Manchanda Deeksha, Kumar Sunil, Makhija Manish
Department of Pharmaceutical Sciences, Indira Gandhi University, Meerpur, Rewari - 123401, India.
Curr Gene Ther. 2025 Mar 10. doi: 10.2174/0115665232369121250307075817.
The advent of CRISPR/Cas gene-editing technology has revolutionized molecular biology, offering unprecedented precision and potential in treating genetic disorders, cancers, and other complex diseases. However, for CRISPR/Cas to be truly effective in clinical settings, one of the most significant challenges lies in the delivery of the CRISPR components, including guide RNA (gRNA) and Cas protein, into specific cells or tissues. Safe, targeted, and efficient delivery remains a critical bottleneck. Viral vectors, lipid nanoparticles, and synthetic polymers have been explored, but they come with limitations, such as immunogenicity, toxicity, and limited delivery capacity. Polysaccharide-based delivery systems, with their natural origin, biocompatibility, and versatile chemical properties, offer a promising alternative that could address these delivery challenges while advancing the pharmaceutical applications of CRISPR/Cas gene therapy.

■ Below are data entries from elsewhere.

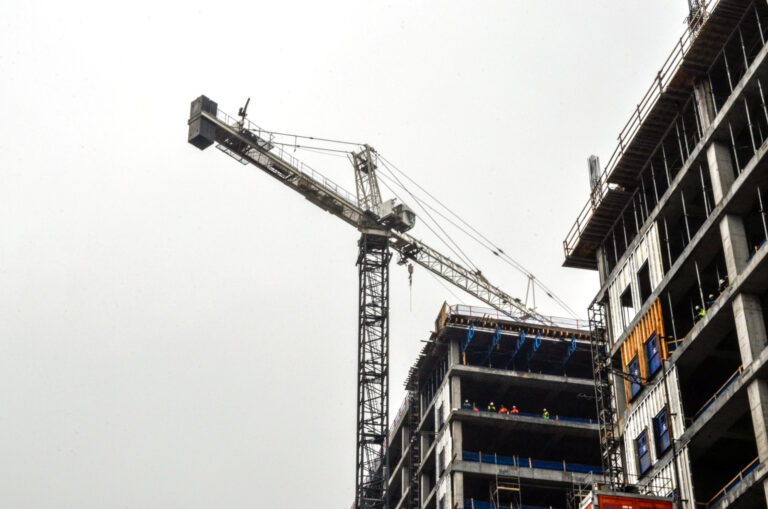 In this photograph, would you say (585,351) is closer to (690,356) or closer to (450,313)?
(450,313)

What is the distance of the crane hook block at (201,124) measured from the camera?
10088 centimetres

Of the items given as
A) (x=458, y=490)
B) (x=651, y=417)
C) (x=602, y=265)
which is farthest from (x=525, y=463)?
(x=651, y=417)

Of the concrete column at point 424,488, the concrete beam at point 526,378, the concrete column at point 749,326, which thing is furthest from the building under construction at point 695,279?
the concrete column at point 424,488

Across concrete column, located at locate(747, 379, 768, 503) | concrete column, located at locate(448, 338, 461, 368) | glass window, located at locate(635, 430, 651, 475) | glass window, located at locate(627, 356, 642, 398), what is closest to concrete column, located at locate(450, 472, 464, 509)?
concrete column, located at locate(448, 338, 461, 368)

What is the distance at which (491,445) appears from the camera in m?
95.8

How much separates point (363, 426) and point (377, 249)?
18.0 meters

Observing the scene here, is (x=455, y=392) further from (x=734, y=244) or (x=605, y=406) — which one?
(x=734, y=244)

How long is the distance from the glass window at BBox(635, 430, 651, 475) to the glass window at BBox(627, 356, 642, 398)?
2.59 metres

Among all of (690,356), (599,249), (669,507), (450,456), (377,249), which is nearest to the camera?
(669,507)

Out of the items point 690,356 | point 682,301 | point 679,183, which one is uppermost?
point 679,183

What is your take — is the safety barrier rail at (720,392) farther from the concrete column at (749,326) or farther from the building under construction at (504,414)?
the building under construction at (504,414)

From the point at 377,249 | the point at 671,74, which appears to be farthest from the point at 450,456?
the point at 671,74

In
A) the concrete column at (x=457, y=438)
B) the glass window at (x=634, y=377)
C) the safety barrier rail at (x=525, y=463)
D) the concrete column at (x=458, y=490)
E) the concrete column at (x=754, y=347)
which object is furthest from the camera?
the concrete column at (x=457, y=438)

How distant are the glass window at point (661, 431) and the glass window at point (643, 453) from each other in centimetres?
93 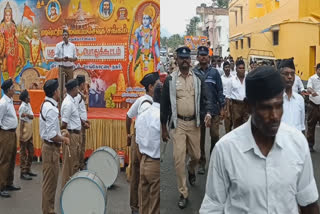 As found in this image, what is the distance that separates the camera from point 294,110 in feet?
8.64

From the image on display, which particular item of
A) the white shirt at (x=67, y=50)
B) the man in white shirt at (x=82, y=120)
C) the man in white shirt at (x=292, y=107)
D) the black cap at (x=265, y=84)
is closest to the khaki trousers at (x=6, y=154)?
the man in white shirt at (x=82, y=120)

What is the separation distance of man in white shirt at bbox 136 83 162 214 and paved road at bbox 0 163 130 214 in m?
1.15

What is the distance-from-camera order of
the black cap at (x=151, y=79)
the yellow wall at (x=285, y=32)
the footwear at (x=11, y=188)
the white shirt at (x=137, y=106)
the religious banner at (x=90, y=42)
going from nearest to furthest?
the yellow wall at (x=285, y=32)
the black cap at (x=151, y=79)
the white shirt at (x=137, y=106)
the religious banner at (x=90, y=42)
the footwear at (x=11, y=188)

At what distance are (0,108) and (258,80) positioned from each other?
15.2 ft

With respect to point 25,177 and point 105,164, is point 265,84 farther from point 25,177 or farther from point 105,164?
point 25,177

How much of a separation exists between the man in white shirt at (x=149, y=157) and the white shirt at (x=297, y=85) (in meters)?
0.97

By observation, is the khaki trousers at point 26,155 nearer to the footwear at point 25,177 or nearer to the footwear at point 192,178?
the footwear at point 25,177

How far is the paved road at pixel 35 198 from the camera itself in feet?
14.6

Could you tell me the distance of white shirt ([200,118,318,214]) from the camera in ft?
4.60

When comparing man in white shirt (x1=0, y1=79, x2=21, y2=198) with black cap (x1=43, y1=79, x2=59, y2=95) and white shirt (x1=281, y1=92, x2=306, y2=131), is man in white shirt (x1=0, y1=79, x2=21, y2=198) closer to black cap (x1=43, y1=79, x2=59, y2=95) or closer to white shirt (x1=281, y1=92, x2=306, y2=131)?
black cap (x1=43, y1=79, x2=59, y2=95)

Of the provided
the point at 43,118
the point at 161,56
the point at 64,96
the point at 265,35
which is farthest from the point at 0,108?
the point at 265,35

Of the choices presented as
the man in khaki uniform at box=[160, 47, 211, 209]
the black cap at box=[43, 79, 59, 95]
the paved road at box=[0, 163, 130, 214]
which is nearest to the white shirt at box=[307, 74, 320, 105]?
the man in khaki uniform at box=[160, 47, 211, 209]

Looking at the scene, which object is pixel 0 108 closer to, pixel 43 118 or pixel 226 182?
pixel 43 118

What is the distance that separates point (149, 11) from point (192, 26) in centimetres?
187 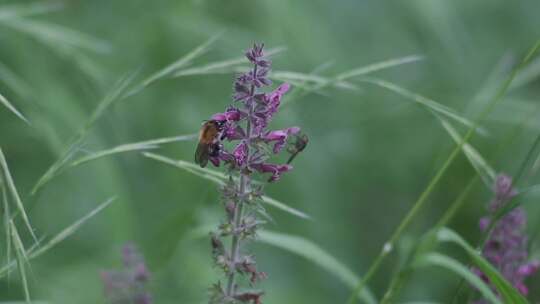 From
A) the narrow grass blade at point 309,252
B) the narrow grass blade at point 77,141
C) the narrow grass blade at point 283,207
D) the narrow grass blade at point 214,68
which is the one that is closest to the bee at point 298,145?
the narrow grass blade at point 283,207

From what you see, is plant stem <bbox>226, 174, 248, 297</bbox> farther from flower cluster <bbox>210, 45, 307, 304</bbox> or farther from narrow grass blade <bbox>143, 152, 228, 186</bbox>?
narrow grass blade <bbox>143, 152, 228, 186</bbox>

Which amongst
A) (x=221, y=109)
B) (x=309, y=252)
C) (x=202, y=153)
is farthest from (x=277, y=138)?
(x=221, y=109)

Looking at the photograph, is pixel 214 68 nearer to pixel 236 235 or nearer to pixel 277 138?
pixel 277 138

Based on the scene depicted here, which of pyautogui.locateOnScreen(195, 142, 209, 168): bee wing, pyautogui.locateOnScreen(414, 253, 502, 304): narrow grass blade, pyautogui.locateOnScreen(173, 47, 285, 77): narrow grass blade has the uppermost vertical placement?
pyautogui.locateOnScreen(173, 47, 285, 77): narrow grass blade

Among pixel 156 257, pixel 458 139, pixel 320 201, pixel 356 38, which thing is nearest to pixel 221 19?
pixel 356 38

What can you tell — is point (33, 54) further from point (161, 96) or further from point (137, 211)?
point (137, 211)

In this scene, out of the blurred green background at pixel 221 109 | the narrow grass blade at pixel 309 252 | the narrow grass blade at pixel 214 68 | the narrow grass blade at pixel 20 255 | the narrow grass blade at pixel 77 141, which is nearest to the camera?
the narrow grass blade at pixel 20 255

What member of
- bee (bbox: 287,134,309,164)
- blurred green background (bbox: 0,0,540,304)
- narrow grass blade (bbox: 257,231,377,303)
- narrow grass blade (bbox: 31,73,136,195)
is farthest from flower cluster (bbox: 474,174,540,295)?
narrow grass blade (bbox: 31,73,136,195)

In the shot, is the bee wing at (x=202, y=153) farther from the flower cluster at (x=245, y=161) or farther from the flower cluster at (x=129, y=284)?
the flower cluster at (x=129, y=284)

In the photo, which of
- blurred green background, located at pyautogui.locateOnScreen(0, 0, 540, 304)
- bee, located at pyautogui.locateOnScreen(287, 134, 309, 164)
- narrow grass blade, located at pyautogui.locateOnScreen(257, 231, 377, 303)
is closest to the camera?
bee, located at pyautogui.locateOnScreen(287, 134, 309, 164) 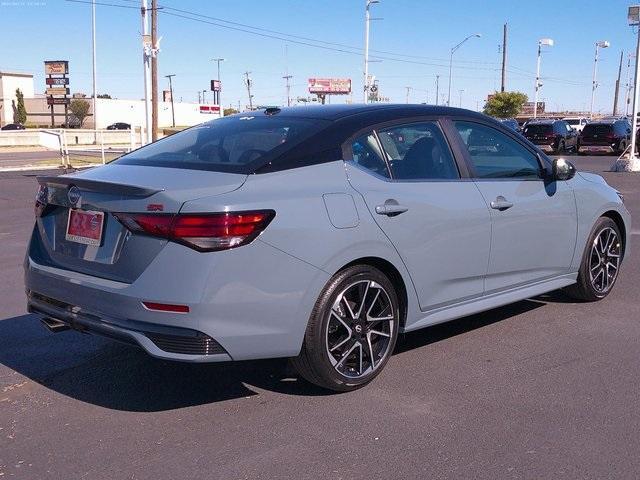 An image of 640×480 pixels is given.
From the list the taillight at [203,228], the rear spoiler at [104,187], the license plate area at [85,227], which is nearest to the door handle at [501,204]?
the taillight at [203,228]

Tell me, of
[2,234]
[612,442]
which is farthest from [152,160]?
[2,234]

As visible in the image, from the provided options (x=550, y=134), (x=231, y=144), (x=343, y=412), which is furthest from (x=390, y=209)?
(x=550, y=134)

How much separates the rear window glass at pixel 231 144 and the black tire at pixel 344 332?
825 millimetres

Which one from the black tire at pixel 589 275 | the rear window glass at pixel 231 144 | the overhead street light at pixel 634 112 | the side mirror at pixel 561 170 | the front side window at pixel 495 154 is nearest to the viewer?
the rear window glass at pixel 231 144

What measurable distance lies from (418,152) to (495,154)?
822 millimetres

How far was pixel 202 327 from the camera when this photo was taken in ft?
11.5

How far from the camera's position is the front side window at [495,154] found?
5.02 metres

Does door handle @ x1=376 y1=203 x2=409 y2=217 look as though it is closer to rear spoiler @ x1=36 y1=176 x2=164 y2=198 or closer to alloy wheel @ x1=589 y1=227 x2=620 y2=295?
rear spoiler @ x1=36 y1=176 x2=164 y2=198

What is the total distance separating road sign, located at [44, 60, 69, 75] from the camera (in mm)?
70938

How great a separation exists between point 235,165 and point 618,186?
51.2ft

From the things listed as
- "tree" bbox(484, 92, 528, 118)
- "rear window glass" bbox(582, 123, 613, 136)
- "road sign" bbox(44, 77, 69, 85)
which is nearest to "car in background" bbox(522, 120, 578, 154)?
"rear window glass" bbox(582, 123, 613, 136)

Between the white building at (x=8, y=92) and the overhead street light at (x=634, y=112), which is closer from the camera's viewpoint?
the overhead street light at (x=634, y=112)

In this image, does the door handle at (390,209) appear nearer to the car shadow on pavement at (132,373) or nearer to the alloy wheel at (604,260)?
the car shadow on pavement at (132,373)

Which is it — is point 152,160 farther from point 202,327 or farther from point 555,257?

CRISPR/Cas基因编辑技术的出现彻底改变了分子生物学,在治疗遗传疾病、癌症和其他复杂疾病方面提供了前所未有的精准度和潜力。然而,要使CRISPR/Cas在临床环境中真正有效,最重大的挑战之一在于将CRISPR组件,包括引导RNA(gRNA)和Cas蛋白,递送至特定的细胞或组织中。安全、靶向且高效的递送仍然是一个关键瓶颈。人们已经探索了病毒载体、脂质纳米颗粒和合成聚合物,但它们存在局限性,如免疫原性、毒性和递送能力有限。基于多糖的递送系统,因其天然来源、生物相容性和多样的化学性质,提供了一种有前景的替代方案,有望解决这些递送挑战,同时推动CRISPR/Cas基因治疗的药物应用。